A tissue level atlas of the healthy human virome


Association of HCV infection with robust interferon responses in the liver and the onset of hepatitis

Advances in next-generation sequencing (NGS) methods in recent decades have made comprehensive surveys of a variety of microorganisms possible. Metagenomic analyses have explored microorganisms, including bacteria, phages, and viruses, in a variety of places, such as the oceans and soils and on Earth. Perhaps, the most deeply surveyed microbiome is that of humans. The Human Microbiome Project aims to characterize bacteria, viruses, and other microorganisms in the human body. As they often live outside human cells, the human bacterial microbiome has been well described in multiple organs and samples via non-destructive sampling: the bacterial microbiome of the skin, oral cavity, and gastrointestinal tract (including feces) are well described. A major theme emerging from these studies is that, while certain microbial species are associated with pathology, many components of the microbiome likely play a symbiotic role in maintaining human health (reviewed in).
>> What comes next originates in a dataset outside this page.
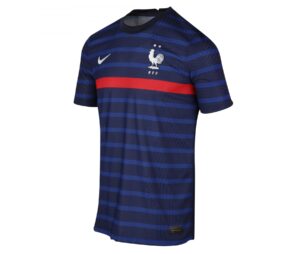 FRANCE HOME KIT 2020 - 21 | UEFA EURO 2020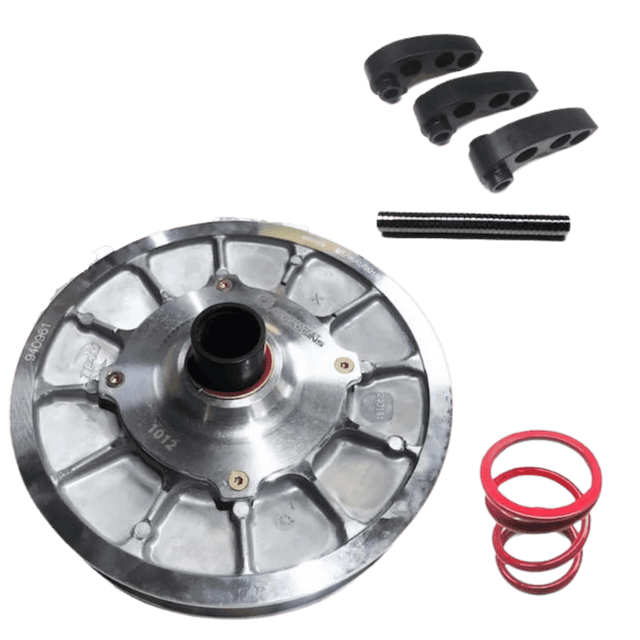 Photo of Aftermarket Assassins Polaris General / General XP Stage 3 Recoil Clutch Kit (2016+) by Aftermarket Assassins - Premium Clutch Kits for UTVs / Side by Sides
Many viruses are clearly human pathogens: human immunodeficiency virus (HIV) and influenza virus are the causative agents of human diseases, and Epstein-Barr virus (EBV; also known as human herpesvirus 4 [HHV-4]) and hepatitis C virus (HCV) can drive oncogenesis. On the other hand, similar to the cases of the human bacterial microbiome, some viruses can chronically infect a broad range of human tissues without overt pathology. Previous studies have suggested that these viruses nonetheless have detrimental effects. For example, human respiratory syncytial virus and human rhinoviruses may play an important role in the inceptions of childhood asthma and atopic asthma, respectively. On the other hand, there are a few examples of viruses that exhibit protective effects. For example, GB virus C (GBV-C, also known as hepatitis G virus [HGV]) infection can be protective against HIV infection and improve survival.

In experiments using animal models, latent infection with murine gammaherpesvirus, which is genetically related to EBV in humans, confers symbiotic protection from bacterial infection. Thus, virus infections are associated with multiple aspects of human health, and revealing the human “virome” would be beneficial for understanding the hidden mutualism and/or conflict between humans and viruses. In the largest study of the human virome to date, Simon et al. performed meta-transcriptome analysis using more than 17,000 human RNA-sequencing (RNASeq) datasets to reveal the human virome. However, the dataset used in this previous study is related to human diseases. Moustafa et al. used DNA-sequencing data obtained after whole-genome sequencing of more than 8000 “healthy” subjects using blood samples.

The authors detected 19 human viruses in the blood; however notably, their approach was “blind” to RNA viruses. Previous studies of the human virome have used specimens that are relatively easy to access in healthy individuals (e.g., blood or skin). In other words, it is technically difficult to obtain the somatic tissues from inside the human body (e.g., brain and internal organs) of healthy individuals for virome investigation. Moreover, it remains unclear what kind of viruses infect in various tissues in healthy individuals and how these virus infections influence human gene expression and perturb the homeostasis of these tissues. To characterize the virome in the human body, we performed meta-transcriptomic analysis using RNA-Seq dataset provided by the Genotype-Tissue Expression (GTEx) Project. We detected 39 viruses in a variety of human tissues, revealing both expected and unexpected associations between viral infections and human gene expression and human disease.

Strong association of a human gene expression pattern with the presence of HHV-7 transcripts in the stomach

Importantly, our approach allows us to quantify both viral RNA and host gene expression in the same sample (Fig). We thus analyzed these two quantities to explore the effect of each virus on human gene expression patterns, comparing virus-positive samples to virusnegative samples in the same tissue. We first focused on HCV, which was specifically detected in liver (Fig). HCV is classified into the family Flaviviridae, genus Hepacivirus and possesses a positive-sense singlestranded RNA (~ 10 kb) genome.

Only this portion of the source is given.